◆ YOUR GOAL: Restate, word for word and with no pictures, the stretch of lines in the data below that begins at the line with "Wholesale Titanium Steel" and ends at the line with "Цифрове Мистецтво Старого", inclusive.

◆ MATERIAL PROVIDED:

------

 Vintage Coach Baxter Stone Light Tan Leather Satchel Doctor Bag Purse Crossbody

------

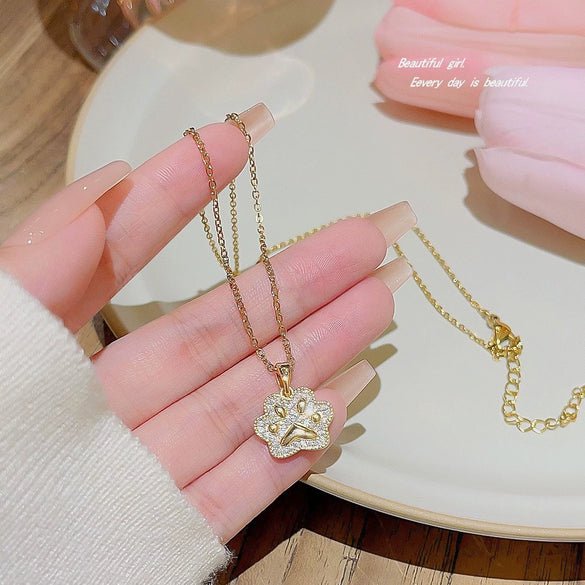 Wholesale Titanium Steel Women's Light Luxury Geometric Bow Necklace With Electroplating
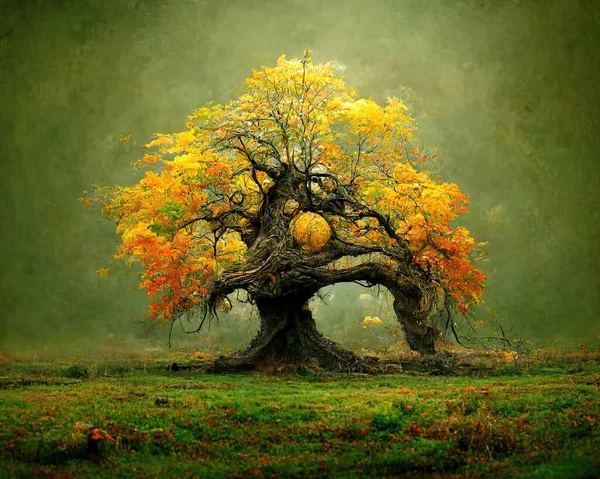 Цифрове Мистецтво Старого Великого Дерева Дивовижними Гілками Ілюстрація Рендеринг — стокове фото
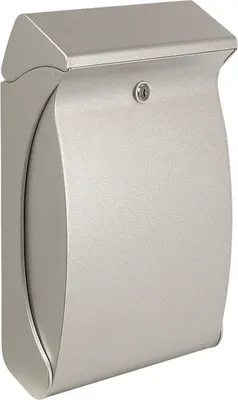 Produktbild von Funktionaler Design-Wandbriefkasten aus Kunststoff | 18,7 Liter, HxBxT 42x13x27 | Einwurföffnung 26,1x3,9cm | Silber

------

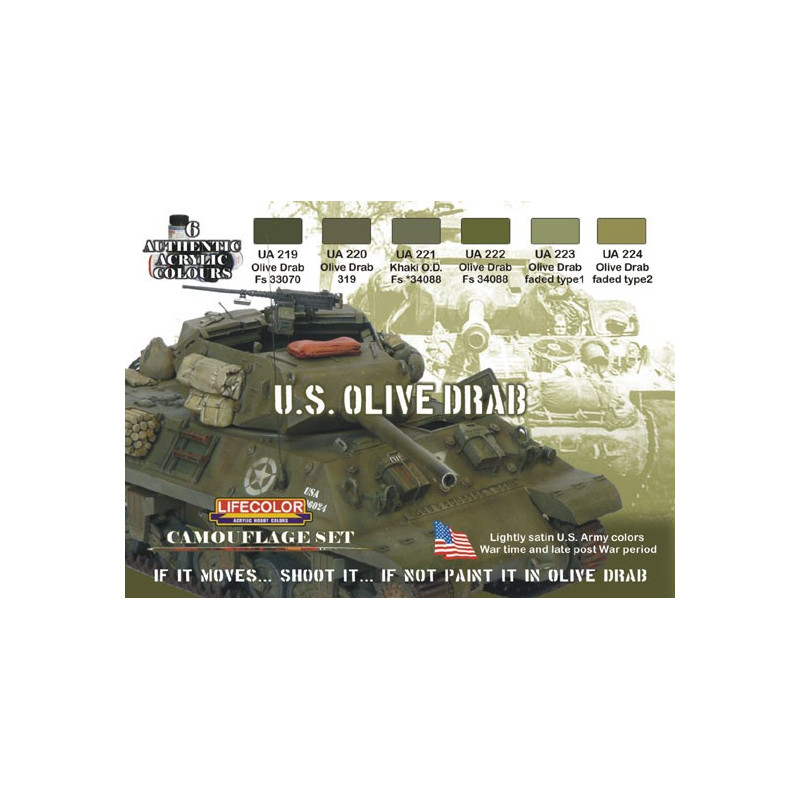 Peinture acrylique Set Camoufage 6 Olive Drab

------

◆ RESPONSE TO THIS EXERCISE:
 Wholesale Titanium Steel Women's Light Luxury Geometric Bow Necklace With Electroplating
 Цифрове Мистецтво Старого Великого Дерева Дивовижними Гілками Ілюстрація Рендеринг — стокове фото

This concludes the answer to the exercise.